What is needed -> The answer must consist of every line from the data that holds the string "glass".

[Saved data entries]
- - - -
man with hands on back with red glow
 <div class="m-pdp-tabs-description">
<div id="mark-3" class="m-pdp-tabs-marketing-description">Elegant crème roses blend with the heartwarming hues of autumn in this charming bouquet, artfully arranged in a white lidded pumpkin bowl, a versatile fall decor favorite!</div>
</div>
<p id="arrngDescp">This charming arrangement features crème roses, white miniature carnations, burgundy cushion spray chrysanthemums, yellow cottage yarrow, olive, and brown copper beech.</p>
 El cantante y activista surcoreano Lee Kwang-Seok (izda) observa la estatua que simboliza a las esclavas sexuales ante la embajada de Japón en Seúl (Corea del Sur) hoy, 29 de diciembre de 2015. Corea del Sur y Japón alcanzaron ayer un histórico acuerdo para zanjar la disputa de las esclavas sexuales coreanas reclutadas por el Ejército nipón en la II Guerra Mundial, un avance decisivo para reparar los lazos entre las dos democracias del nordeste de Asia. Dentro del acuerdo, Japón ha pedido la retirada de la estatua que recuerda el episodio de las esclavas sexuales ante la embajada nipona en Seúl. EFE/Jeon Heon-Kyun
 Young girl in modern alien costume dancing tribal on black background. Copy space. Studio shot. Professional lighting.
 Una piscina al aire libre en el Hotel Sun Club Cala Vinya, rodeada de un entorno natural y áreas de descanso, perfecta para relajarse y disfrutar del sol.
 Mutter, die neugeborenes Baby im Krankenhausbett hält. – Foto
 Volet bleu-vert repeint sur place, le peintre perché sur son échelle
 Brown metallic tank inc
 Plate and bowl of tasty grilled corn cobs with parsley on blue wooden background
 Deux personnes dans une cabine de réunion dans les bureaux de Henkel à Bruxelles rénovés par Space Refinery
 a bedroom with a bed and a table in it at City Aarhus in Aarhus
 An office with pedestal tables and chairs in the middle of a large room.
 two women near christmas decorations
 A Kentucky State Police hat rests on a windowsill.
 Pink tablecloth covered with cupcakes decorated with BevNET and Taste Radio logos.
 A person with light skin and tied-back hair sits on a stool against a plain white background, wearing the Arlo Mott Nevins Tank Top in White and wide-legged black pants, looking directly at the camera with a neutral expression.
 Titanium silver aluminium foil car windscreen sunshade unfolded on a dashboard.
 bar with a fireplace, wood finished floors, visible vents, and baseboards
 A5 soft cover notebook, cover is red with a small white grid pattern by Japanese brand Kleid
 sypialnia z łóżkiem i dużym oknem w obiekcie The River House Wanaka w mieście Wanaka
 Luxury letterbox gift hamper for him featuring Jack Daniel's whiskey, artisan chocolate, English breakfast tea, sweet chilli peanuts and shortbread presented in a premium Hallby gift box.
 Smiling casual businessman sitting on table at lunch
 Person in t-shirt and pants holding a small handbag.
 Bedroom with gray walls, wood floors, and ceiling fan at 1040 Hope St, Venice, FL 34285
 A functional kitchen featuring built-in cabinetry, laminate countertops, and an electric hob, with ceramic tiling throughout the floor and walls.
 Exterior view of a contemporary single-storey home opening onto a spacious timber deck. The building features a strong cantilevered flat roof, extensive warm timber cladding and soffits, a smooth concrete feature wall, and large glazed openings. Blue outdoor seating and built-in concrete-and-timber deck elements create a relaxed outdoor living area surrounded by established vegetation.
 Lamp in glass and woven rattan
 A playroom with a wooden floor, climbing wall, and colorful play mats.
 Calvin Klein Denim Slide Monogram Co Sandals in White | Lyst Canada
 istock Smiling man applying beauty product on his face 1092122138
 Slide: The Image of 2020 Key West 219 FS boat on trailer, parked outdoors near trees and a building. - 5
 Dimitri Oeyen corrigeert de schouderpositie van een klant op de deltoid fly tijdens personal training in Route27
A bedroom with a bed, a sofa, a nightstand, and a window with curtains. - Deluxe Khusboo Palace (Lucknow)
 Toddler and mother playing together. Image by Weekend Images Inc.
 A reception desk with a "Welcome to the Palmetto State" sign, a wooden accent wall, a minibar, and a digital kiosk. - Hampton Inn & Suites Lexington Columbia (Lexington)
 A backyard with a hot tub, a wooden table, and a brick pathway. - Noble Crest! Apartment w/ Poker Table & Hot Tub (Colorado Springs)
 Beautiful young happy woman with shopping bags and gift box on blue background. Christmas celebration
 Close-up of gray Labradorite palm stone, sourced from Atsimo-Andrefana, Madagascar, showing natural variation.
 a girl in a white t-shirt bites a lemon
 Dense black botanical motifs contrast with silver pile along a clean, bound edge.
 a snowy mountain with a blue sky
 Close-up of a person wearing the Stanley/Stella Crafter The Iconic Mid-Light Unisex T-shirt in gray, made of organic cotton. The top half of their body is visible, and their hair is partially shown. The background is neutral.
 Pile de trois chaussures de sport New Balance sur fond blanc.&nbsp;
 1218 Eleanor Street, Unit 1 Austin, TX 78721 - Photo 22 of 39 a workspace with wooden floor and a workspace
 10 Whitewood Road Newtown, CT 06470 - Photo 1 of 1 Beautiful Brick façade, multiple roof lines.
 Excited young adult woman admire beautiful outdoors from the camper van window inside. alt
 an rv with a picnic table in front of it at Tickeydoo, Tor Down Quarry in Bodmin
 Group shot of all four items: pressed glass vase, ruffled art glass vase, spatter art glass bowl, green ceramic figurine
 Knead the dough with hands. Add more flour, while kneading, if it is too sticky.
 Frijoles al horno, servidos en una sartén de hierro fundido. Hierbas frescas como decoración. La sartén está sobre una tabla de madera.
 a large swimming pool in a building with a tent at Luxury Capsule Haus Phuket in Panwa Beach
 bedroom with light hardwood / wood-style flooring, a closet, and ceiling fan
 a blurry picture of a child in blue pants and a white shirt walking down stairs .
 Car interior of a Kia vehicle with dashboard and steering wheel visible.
- - - -
Result of this task ->
 Lamp in glass and woven rattan
 Group shot of all four items: pressed glass vase, ruffled art glass vase, spatter art glass bowl, green ceramic figurine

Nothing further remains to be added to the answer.